Nipote di Charlie Chaplin, ha vissuto nel mondo del circo dall’età di quattro anni insieme con i suoi genitori, Victoria Chaplin e Jean-Baptiste Thiérrée, creatori del Cirque Bonjour e del Cirque imaginaire. «Mi sono sempre domandato, e mi hanno sempre domandato, che cosa rappresentasse per la famiglia, la mia famiglia. Oggi rispondo, serenamente, di considerarla come un lago dove devi imparare a nuotare. Antenati e nipoti, non esistono linee genealogiche verticali, ma cerchi, come onde, e dentro ci si sta tutti insieme, a “bagno” tra eredità passate e proiezioni future».
Attore, danzatore, scenografo e acrobata, oltre che nei suoi spettacoli personali di circo e di strada, lavora anche nel cinema e in teatro: «Parlando del mio lavoro, spesso si usa il termine “nuovo circo”. Definizioni amate più dai promotori che dagli artisti: ormai vecchie. Io vengo dalla pantomima, tradizione antica, dalla danza che mi ha trasmesso mia madre, le arti circensi che ho appreso da papà, dal Piccolo di Milano dove ho studiato, il cinema, un crossroad di culture che non si può ridurre in un termine. Raoul è semplicemente una proposta teatrale, dove è il corpo a mandare avanti la narrazione».

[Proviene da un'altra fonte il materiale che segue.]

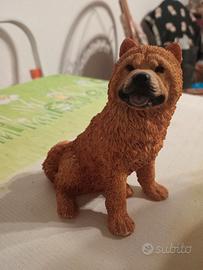 Statuetta razza Chow Chow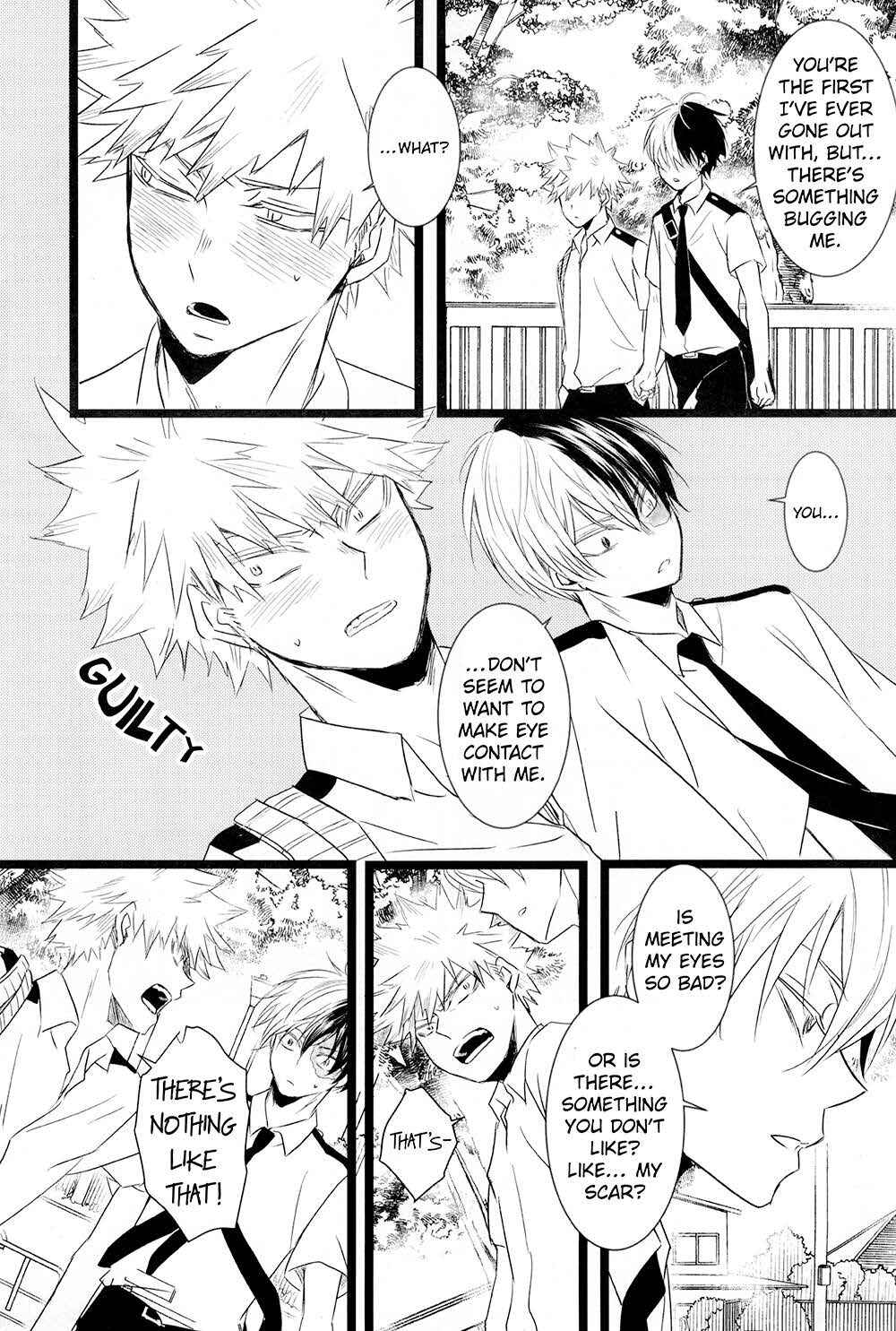 Page 18 Chapter 1 Boku no Hero Academia -  Kiss Made Tooi Manga (Doujinshi)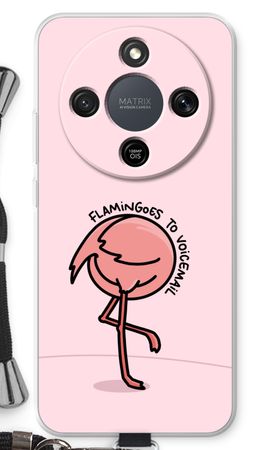 Flamingoes to voicemail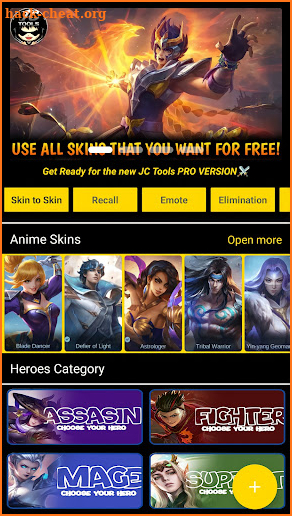 JC Tools PRO - Working & n ads screenshot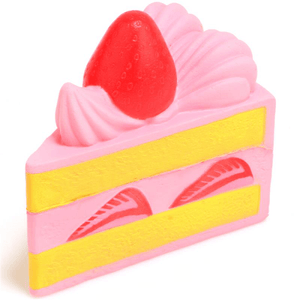 Squishy Fun Strawberry 15CM Cake Squishy Super Slow Rising Original Packaging Toy Collection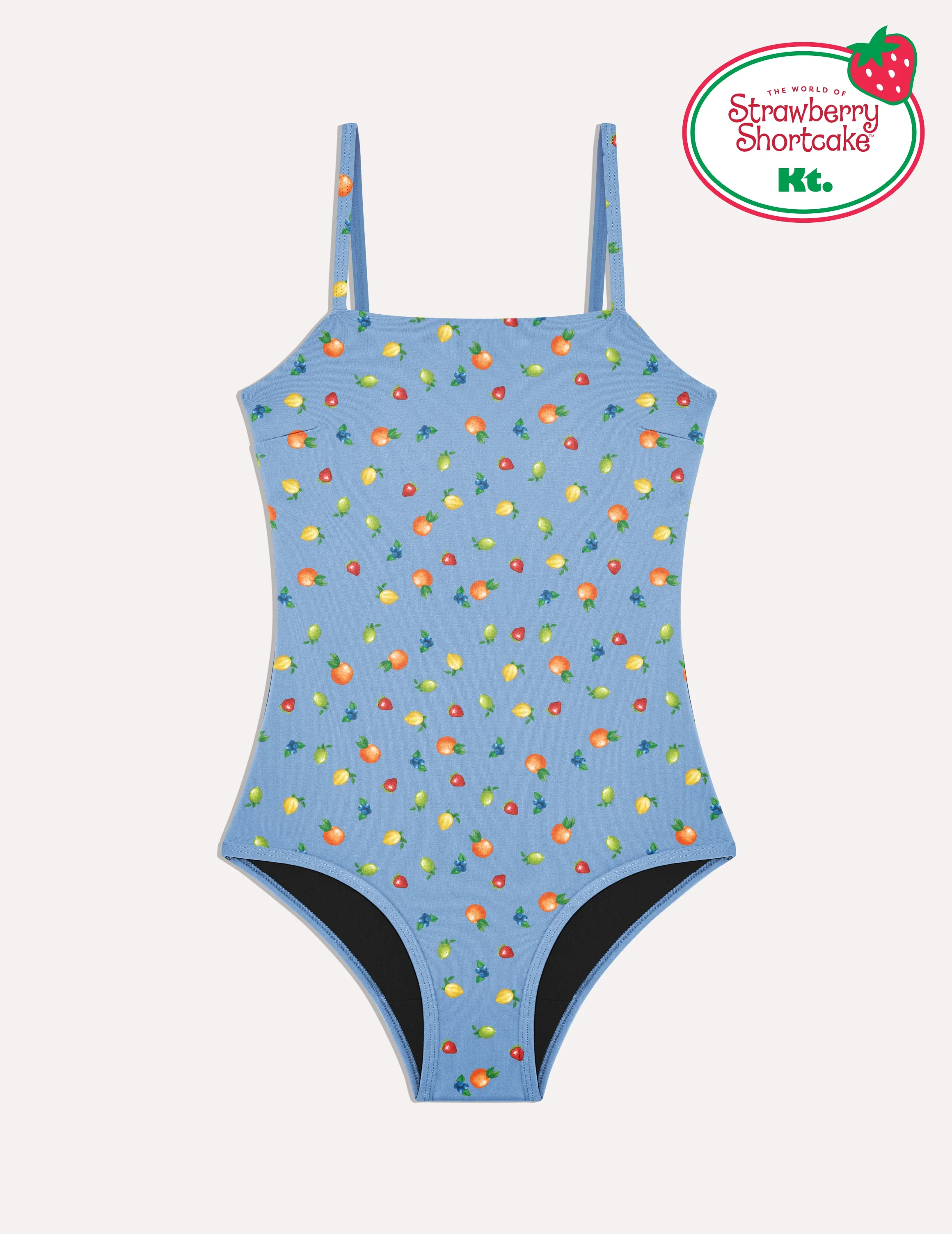 Teen Period Swim Square Neck One-Piece - Image 41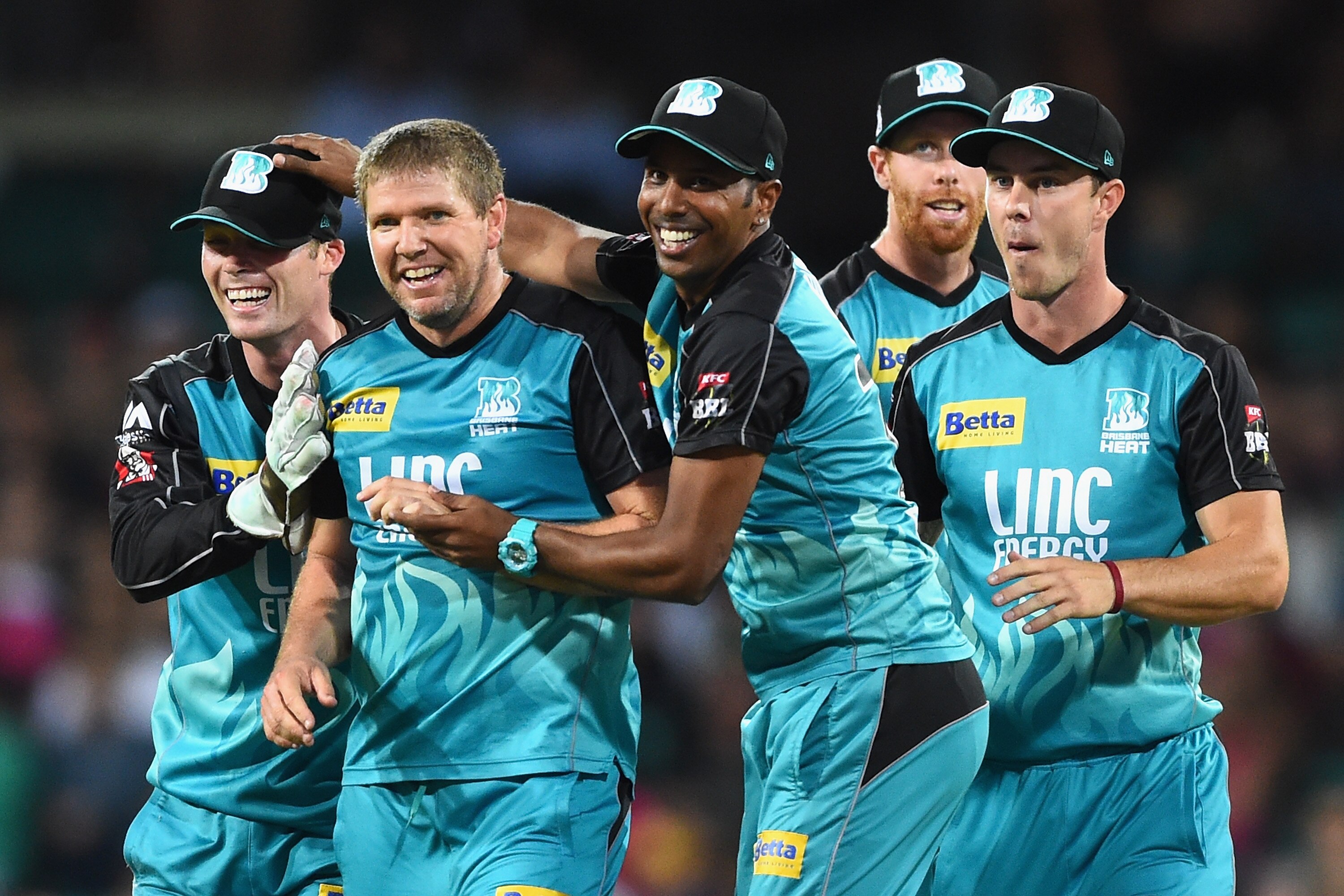 Brisbane Heat Score Second Big Bash League Victory Of Season, Beating ...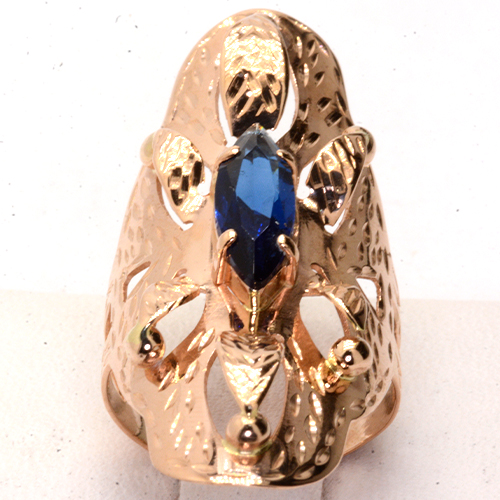 Кольцо Золото 585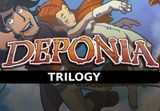 Deponia Trilogy EU Steam CD Key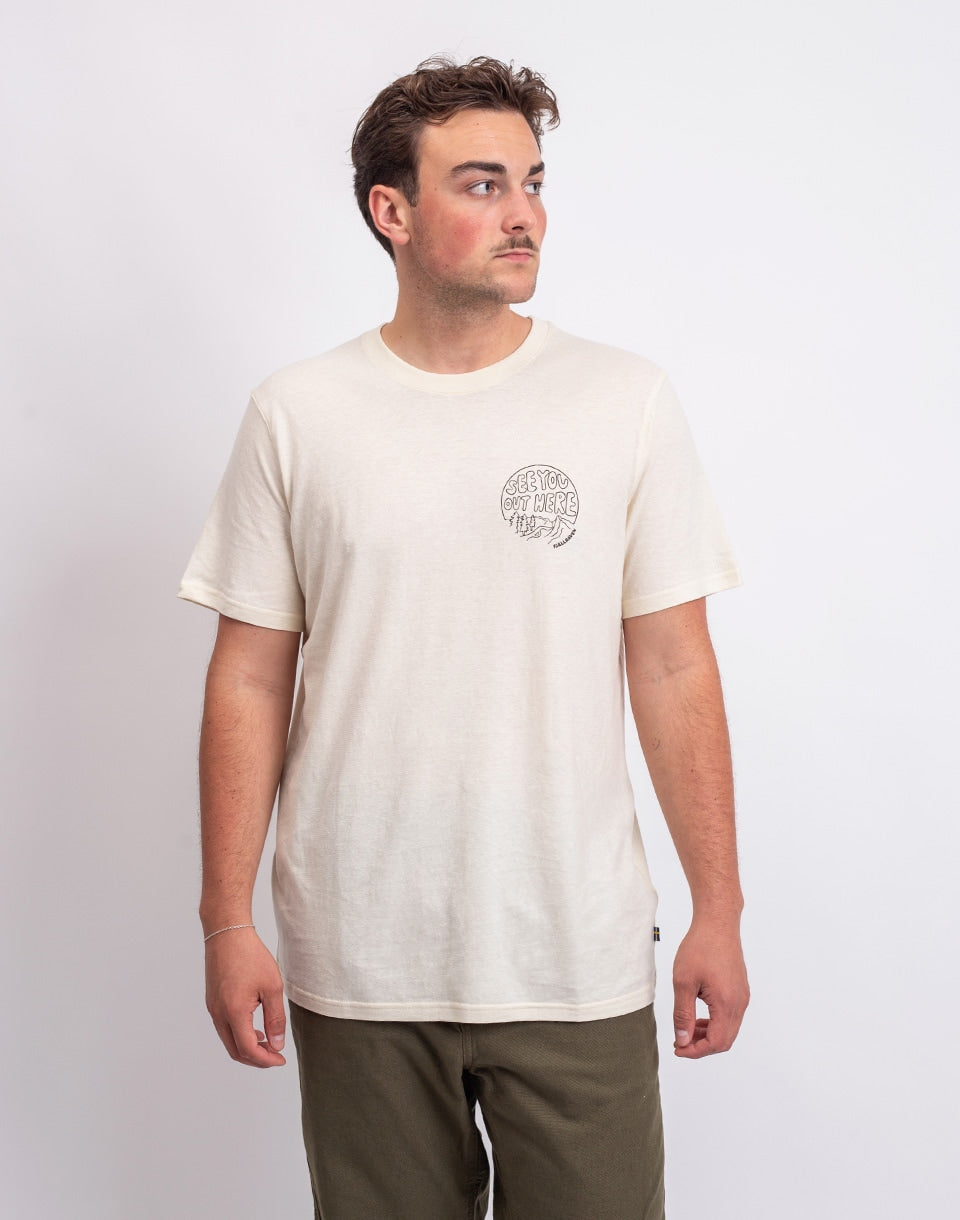 Hemp Blend Out Here T-shirt M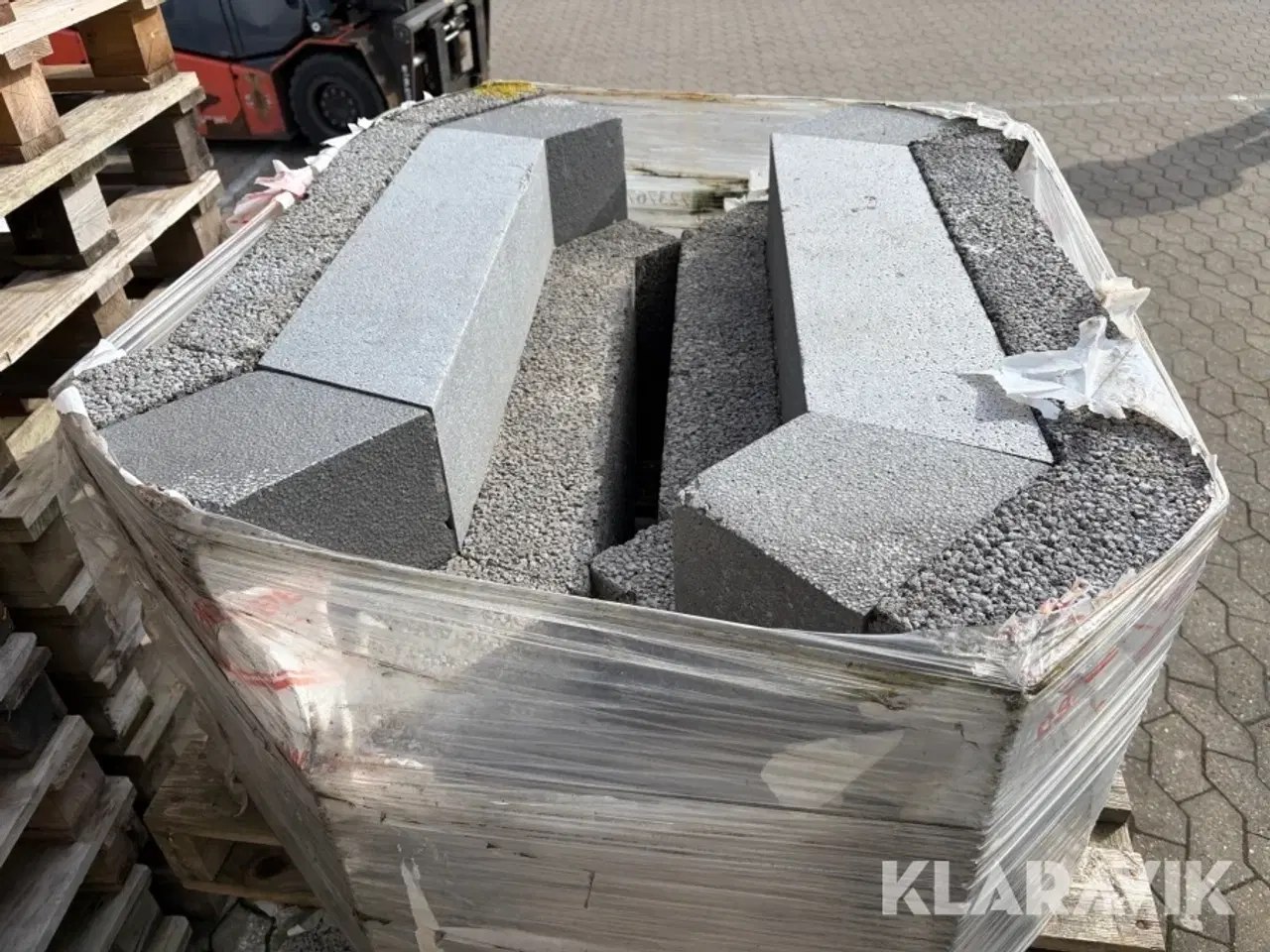 Billede 4 - Skawblock Karnapblok Venstre og Højre 4 styk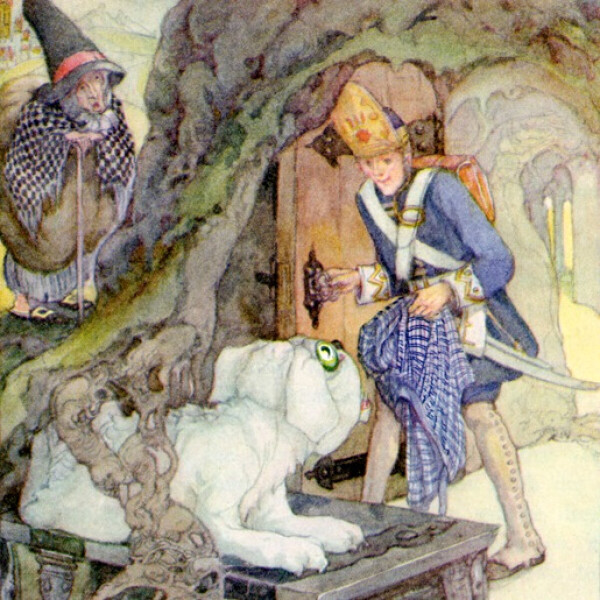 Křesadlo - Hans Christian Andersen - audiokniha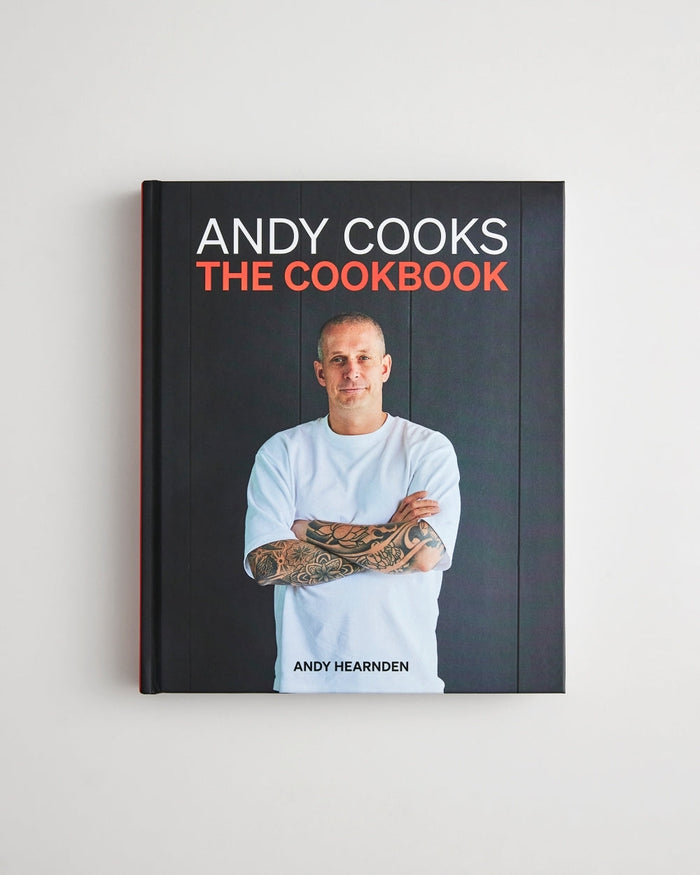 ANDY COOKS : THE COOKBOOK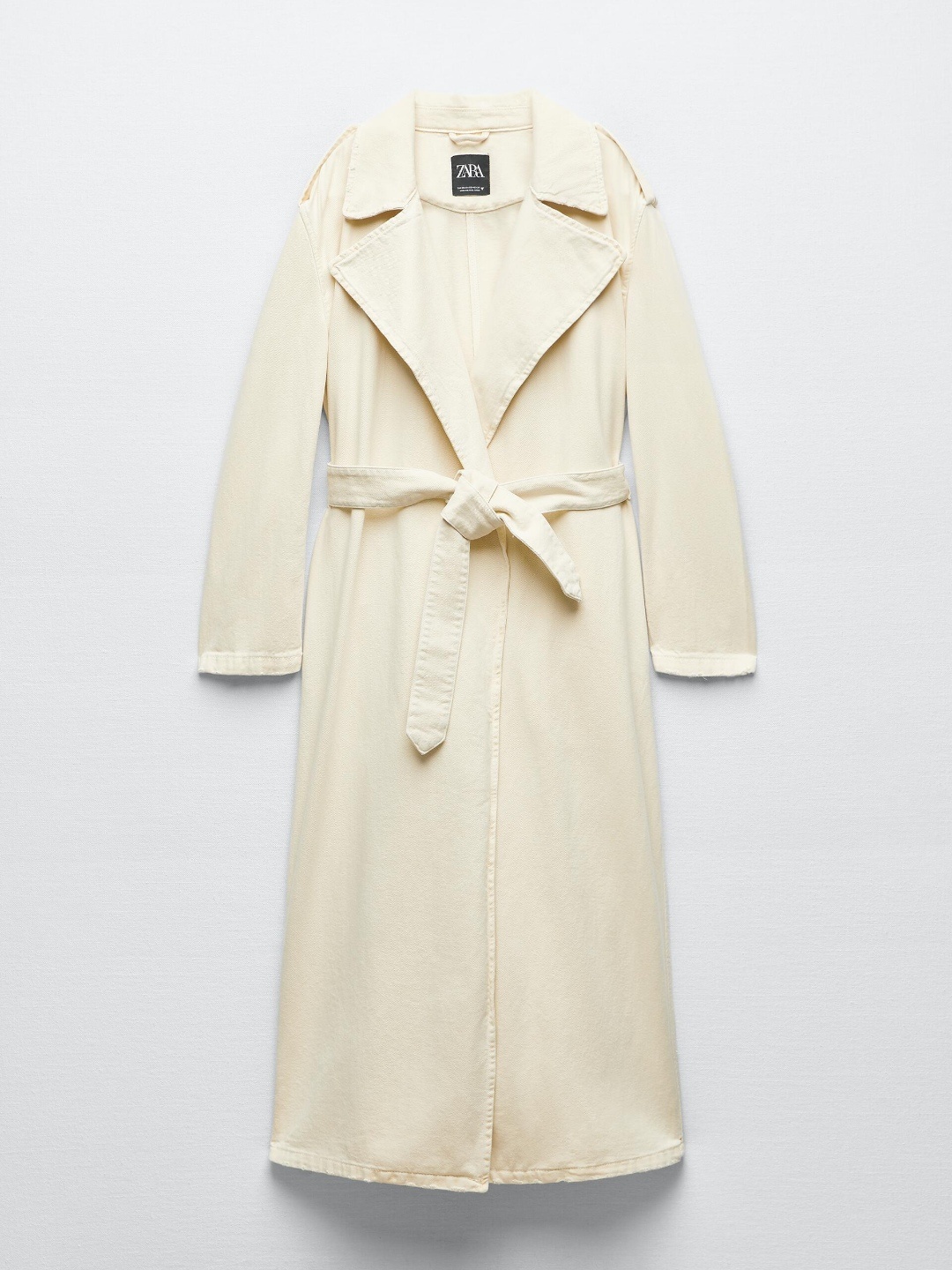 

ZARA Women Beige Coats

Solo in scena, Thierrée diventa un uomo e il suo doppio, affondando nell’intimità a passo di danza, poesia, acrobazie. «Il confronto tra le diverse identità, io lo racconto con il corpo. Un’ora e mezza con il pubblico addosso, senza filtri. Dopo anni, Raoul è cambiato, ma continua a rappresentare un iceberg, con una parte emersa e un’altra sommersa. E, come succede a ognuno di noi, il suo, e il mio tentativo, è quello di fari sì che entrambe le parti riescano a esprimersi».
Uno spettacolo onirico, visuale, ma «non virtuale», dice, «io amo tutto quello che è fatto a mano. I video possono essere fantastici, ma in scena spesso uccidono il corpo dell’attore».
E ricorda: «Mi è capitato di far parte della giuria di film in realtà virtuale.